Una palabra del Santo Padre:

“Los teólogos antiguos decían: el alma es una especie de barca de vela; el Espíritu Santo es el viento que sopla la vela para hacerla avanzar; la fuerza y el ímpetu del viento son los dones del Espíritu. Sin su fuerza, sin su gracia, no iríamos adelante. El Espíritu Santo nos introduce en el misterio del Dios vivo, y nos salvaguarda del peligro de una Iglesia gnóstica y de una Iglesia autorreferencial, cerrada en su recinto; nos impulsa a abrir las puertas para salir, para anunciar y dar testimonio de la bondad del Evangelio, para comunicar el gozo de la fe, del encuentro con Cristo. El Espíritu Santo es el alma de la misión.

Lo que sucedió en Jerusalén hace casi dos mil años no es un hecho lejano, es algo que llega hasta nosotros, que cada uno de nosotros podemos experimentar. El Pentecostés del cenáculo de Jerusalén es el inicio, un inicio que se prolonga. El Espíritu Santo es el don por excelencia de Cristo resucitado a sus Apóstoles, pero Él quiere que llegue a todos.

Jesús, como hemos escuchado en el Evangelio, dice: «Yo le pediré al Padre que os dé otro Paráclito, que esté siempre con vosotros» (Jn 14,16). Es el Espíritu Paráclito, el «Consolador», que da el valor para recorrer los caminos del mundo llevando el Evangelio. El Espíritu Santo nos muestra el horizonte y nos impulsa a las periferias existenciales para anunciar la vida de Jesucristo. Preguntémonos si tenemos la tendencia a cerrarnos en nosotros mismos, en nuestro grupo, o si dejamos que el Espíritu Santo nos conduzca a la misión. Recordemos hoy estas tres palabras: novedad, armonía, misión.

La liturgia de hoy es una gran oración, que la Iglesia con Jesús eleva al Padre, para que renueve la efusión del Espíritu Santo. Que cada uno de nosotros, cada grupo, cada movimiento, en la armonía de la Iglesia, se dirija al Padre para pedirle este don. También hoy, como en su nacimiento, junto con María, la Iglesia invoca: «Veni Sancte Spiritus! – Ven, Espíritu Santo, llena el corazón de tus fieles y enciende en ellos el fuego de tu amor». Amén”.

Francisco. Solemnidad de Pentecostés. 19 de mayo de 2013.

Vivamos nuestro Domingo a lo largo de la semana

1. ¿Cómo vivo mi relación con el Espíritu Santo?
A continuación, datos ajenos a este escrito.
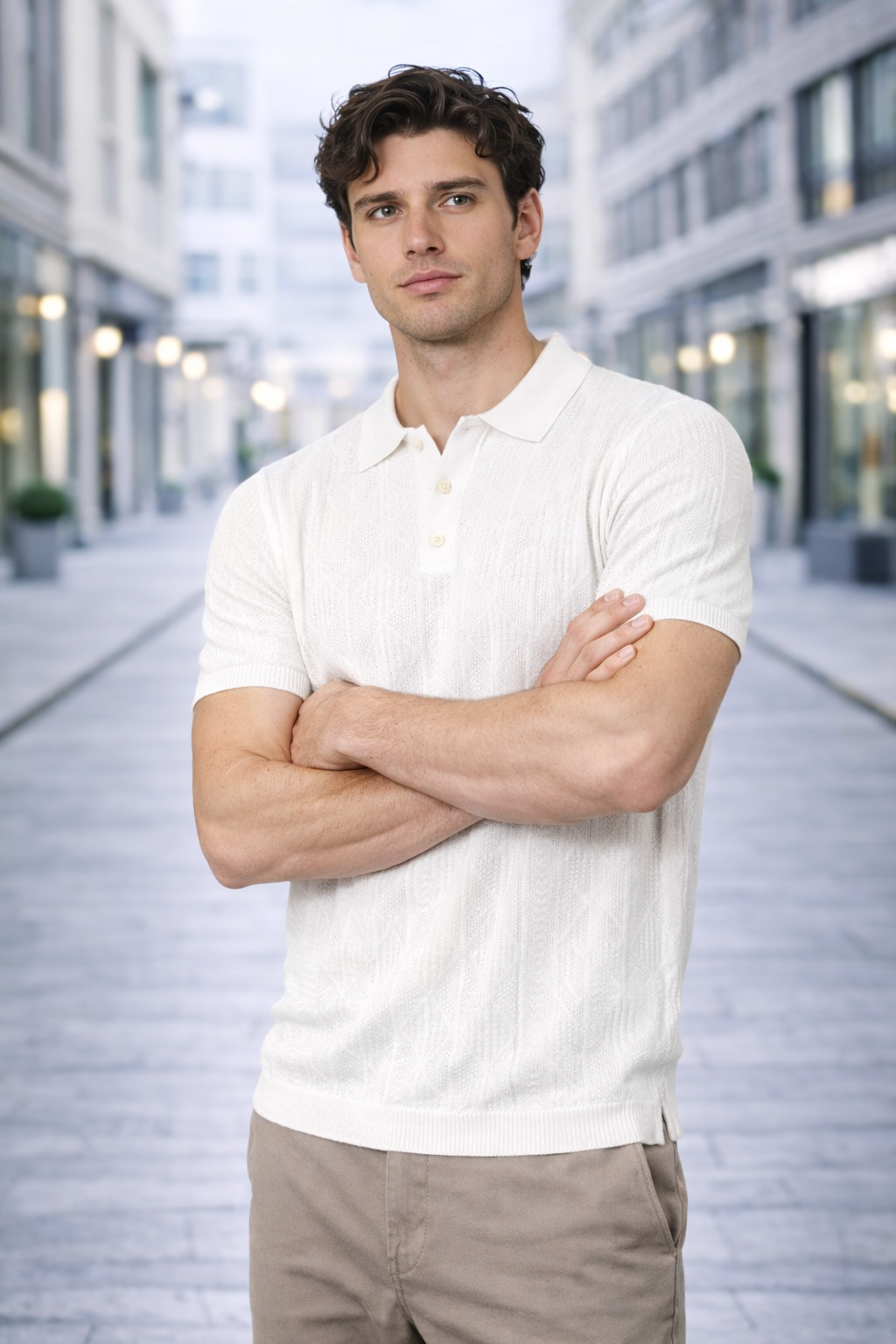 Polo homme blanc texturé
Lo primero que deberíamos hacer es conocer quién es el Espíritu Santo para poder amarlo y así ser dócil a sus mociones.

2. ¿Tengo el mismo ardor o celo apóstolico que los apóstoles? Seamos sinceros…¿Qué voy a hacer para poder llevar la Buena Nueva en los lugares donde trabajo o estudio?

3. Leamos en el Catecismo de la Iglesia Católica los numerales 243- 246.252. 683 – 686. 731 – 747. 767.